*Task brief*. Return the data that follows, keeping every word and mark unchanged.

#### Data excerpt

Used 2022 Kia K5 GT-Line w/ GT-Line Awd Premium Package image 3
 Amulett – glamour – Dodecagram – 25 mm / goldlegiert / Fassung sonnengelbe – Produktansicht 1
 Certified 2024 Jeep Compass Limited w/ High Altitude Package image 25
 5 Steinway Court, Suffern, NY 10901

########

*Answer section*.
Used 2022 Kia K5 GT-Line w/ GT-Line Awd Premium Package image 3
 Amulett – glamour – Dodecagram – 25 mm / goldlegiert / Fassung sonnengelbe – Produktansicht 1
 Certified 2024 Jeep Compass Limited w/ High Altitude Package image 25
 5 Steinway Court, Suffern, NY 10901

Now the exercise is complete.